With the pictures left out, set down the line containing "T-shirt à manches" and each line after it to the end of the material, exactly as written.

Given material section start

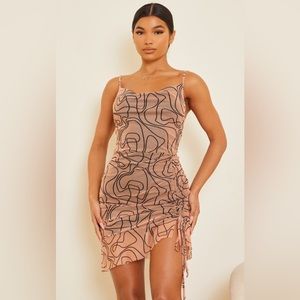 Nude Abstract Line Print Ruched Bodycon Dress
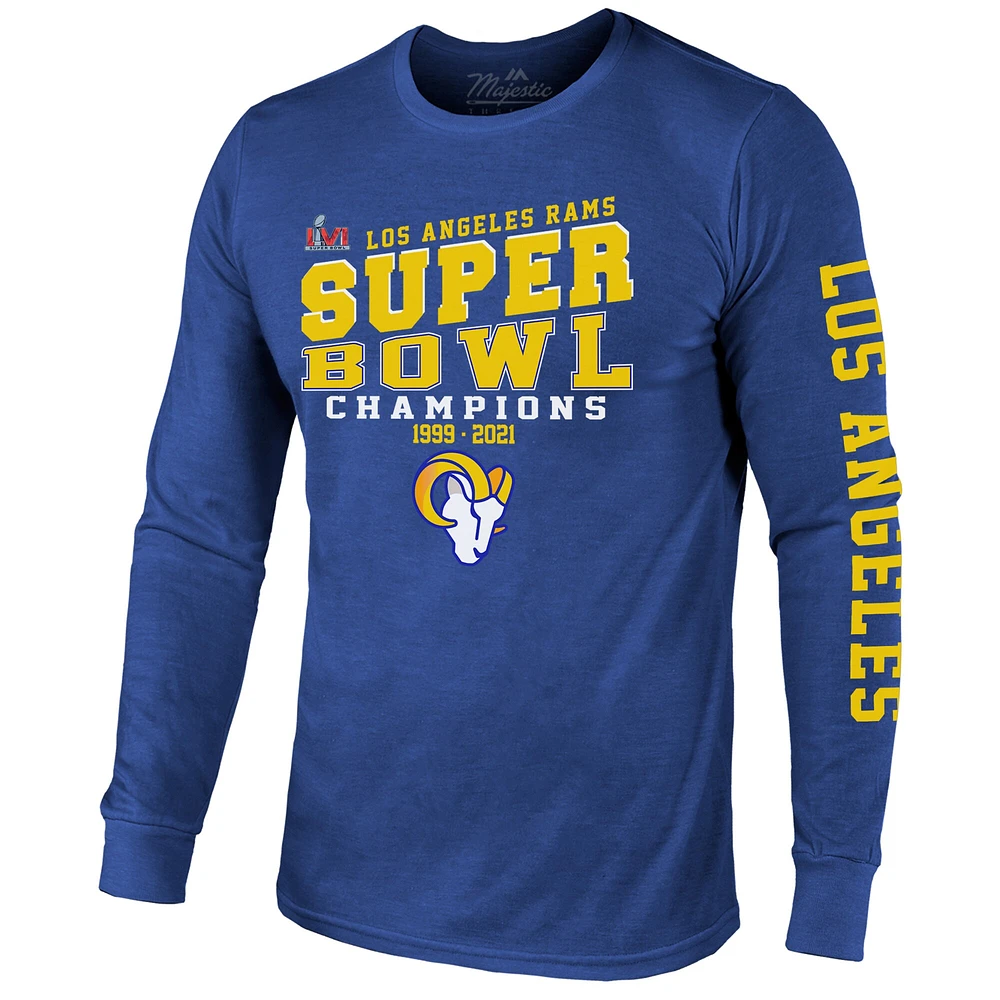 T-shirt à manches longues pour homme Majestic Threads Royal Los Angeles Rams 2 fois champions du Super Bowl Loudmouth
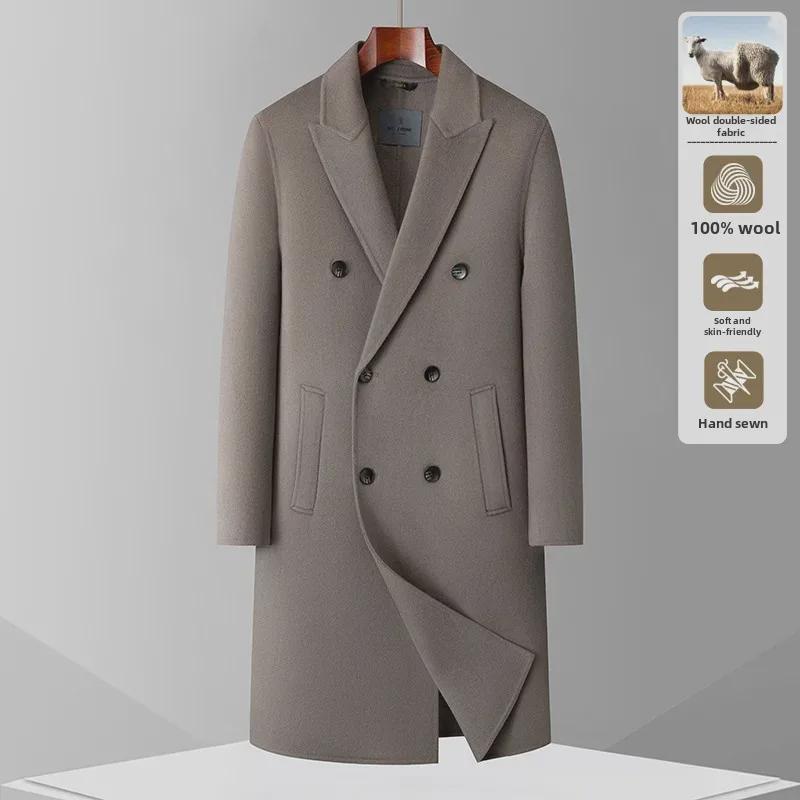 Men’s Handmade 100% Wool Double-Breasted Coat for Autumn/Winter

Given material section end

* Answer space:
 T-shirt à manches longues pour homme Majestic Threads Royal Los Angeles Rams 2 fois champions du Super Bowl Loudmouth
 Men’s Handmade 100% Wool Double-Breasted Coat for Autumn/Winter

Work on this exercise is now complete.